That year, Toronto first chose Kevin Ahrens, who never made it past double-A. The Blue Jays then selected J.P. Arencibia, who contributed for a few years and posted two wins above replacement, but was gone by the time the team was successful again. Justin Jackson spent nine seasons in the minors, toiling first as a shortstop and then as a relief pitcher before calling it a career. Trystan Magnuson helped bring Rajai Davis to Toronto in a trade, pitching nine games for the Oakland Athletics.
With five of the first 56 picks, the most notable selection that year turned out to be Brett Cecil, who has posted 6.6 wins per Baseball Reference, and was a key contributor – not to mention heartbreaking absence – on the 2015 Blue Jays.

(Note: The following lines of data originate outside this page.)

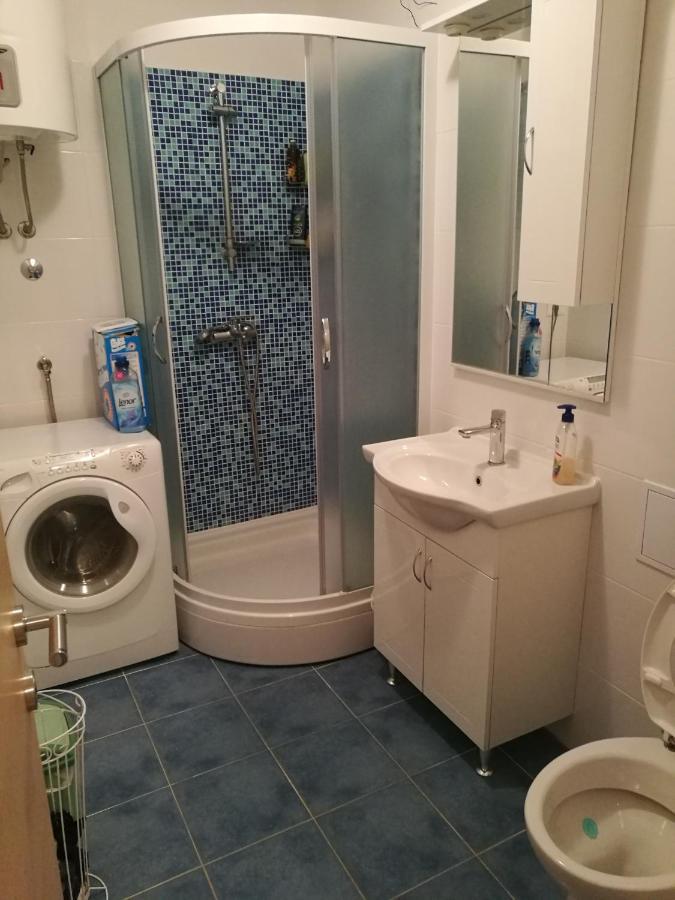 Nice And Cozy Two Single Bed Room Split Buitenkant foto
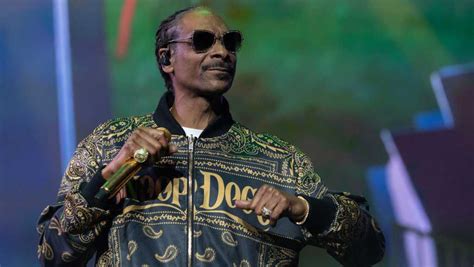 Snoop Dogg says he is giving up smoking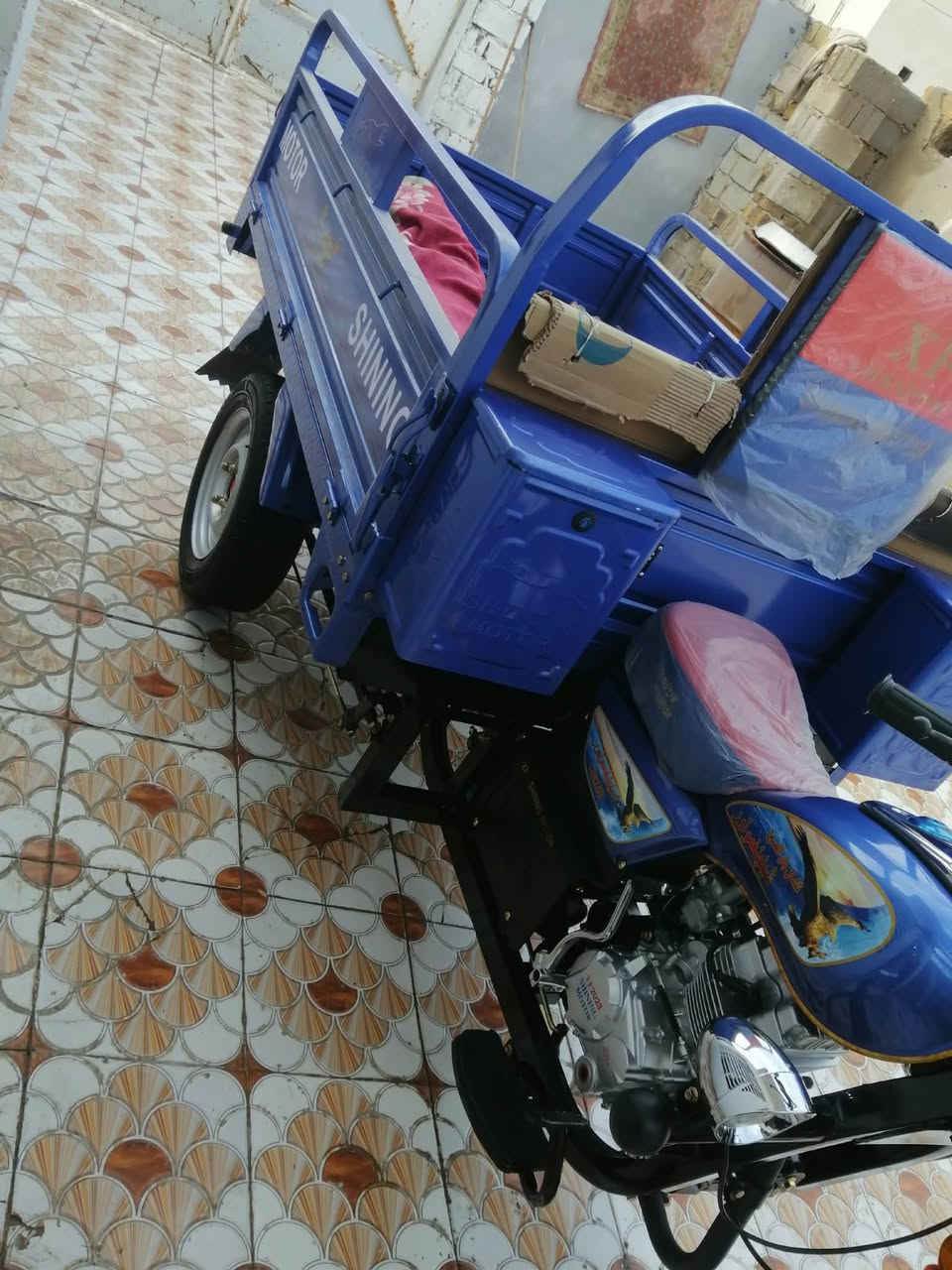 شباب سلام عليكم ستوته ٢٣ نضافه شوفت عينك أوراق اصوليه مكلف بل نشر خاص مامتواجد هاذه رقم صاحبه ***********
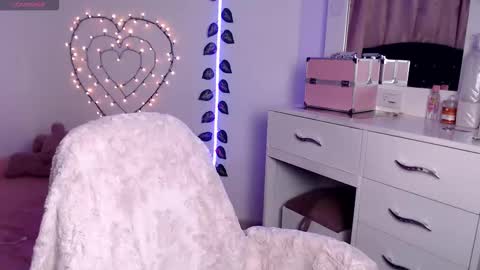 Snapshot of sweet_hannaah chatting on March 2026 11:13:01 AM Hannah online show from March 2026 11:13:01 AM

In a season where optimism is in short supply, and a little hope would go a long way it would be nice to envision the Blue Jays’ selection Monday being a part of the next contending team. But given the history, one shouldn’t begin ordering jerseys with their names anytime soon.
But to end on a hopeful note, baseball is seeing many more young players emerge into the big leagues at 19 and 20 years of age. With greater development resources at their own disposal, maybe some of these players will truncate their minor-league schooling by several years.
And if we Jays fans are lucky, maybe they find one of the ones who change the game for the better.